Joblessness in Kenya rose 40% in a year
The study was conducted by Corporate Staffing Services, a local human resource consulting and recruitment firm which interviewed 386 respondents in Nairobi.
Sixty-six percent of the surveyed respondents are employed while 34 percent are unemployed, most of them youths.
The report shows that the youth in Kenya face serious challenges including high rates of unemployment and under-employment.
“Job searching has become a full-time job for most of those unemployed,” says Perminus Wainaina, the firm’s Managing Director.
“Employees have also raised their expectations which current employers are not meeting and they hope the next employer would.”
With these findings, Wainaina has urged jobseekers to be more self-reliant as opposed to insisting on getting formal employment.
“First what we need to do is address the education system.
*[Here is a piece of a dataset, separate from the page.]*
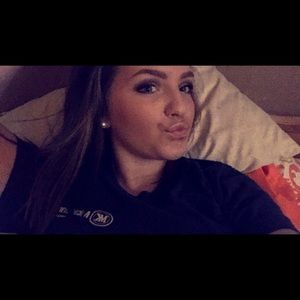 Meet your Posher, Macie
The fact that you have a degree does not entitle you to a formal job.”
“Those who are running the higher institutions of learning and the job seekers need to understand that what you are being equipped with are skills.”
“These are skills to be self-reliant, whether you are going to be self-reliant within a formal job or you’re going to start your own venture.”
He applauded the government on creating employment opportunities for those willing to venture into self employment through initiatives such as the Uwezo Fund.
“Again we have also seen the government come up with various initiatives to make sure that those seeking self-employment they have an opportunity.
“I must comment the government we now have the Uwezo Fund, Youth Fund and the Women fund.”
“All these are funds which are geared towards the youth development, who are aged between 18 and 35 years.”
The survey shows the private sector remains the biggest employer in Kenya, absorbing 51.8 percent of the workforce.
According to the findings, 29.5 percent are running their own businesses, 11.2percent work in public institutions and Parastatals while only 7.6 percent are employed in the NGO sector.